I don’t know if I just wasn’t on the puzzle’s wavelength or if it was a bit old for me or if I’m just way too exhausted to be thinking straight, but getting through the puzzle was a struggle. Sorry to be such a Debbie Downer today! (By the way, Debbie Downer is an SNL character played by Rachel Dratch, in case any future crossword constructors are looking for names people might know.)
Misc.:
Misc.:
- I had “icicle” rather than ICE DAM (29D: Cold weather roofing problem) for a while in the puzzle, which messed me up in that whole lower left area.
- I think HOBBES should be in every puzzle — I grew up reading Calvin and Hobbes, and it’s just objectively the best.
- It’s like the puzzle constructor was speaking directly to me because I am most definitely feeling SLEEPY (20A: Feeling ready for bed)…
- When I hear RAZZMATAZZ, I can only think of it as the Jamba Juice flavor I used to get every single time.
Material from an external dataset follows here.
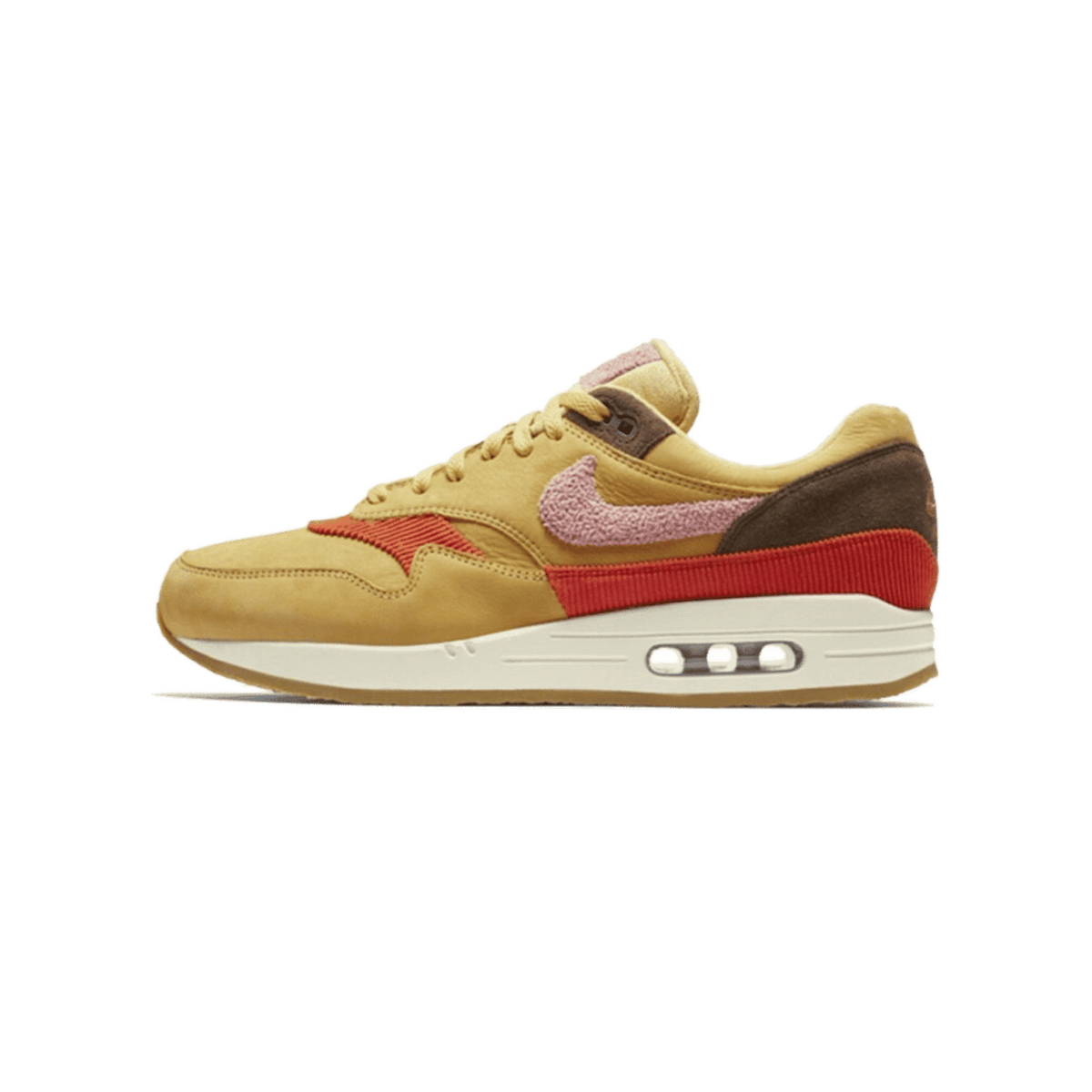 Left Nike Air Max 1 sneaker in wheat gold with rust red corduroy panel, pink fuzzy swoosh, and brown suede heel, shown from the outside with toe pointing left.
- Here’s a Scrabble story for those of you who have gotten this far: When my dad congratulated his older brother on winning the Scrabble title, my incredibly and wildly rational mathematician uncle replied, “I was lucky.” Oh? How so? “I came up through the loser's bracket to the final and had to beat the best player in the world by more than 150 points. I drew both blanks and all four S's, and beat him by 185. I was lucky.”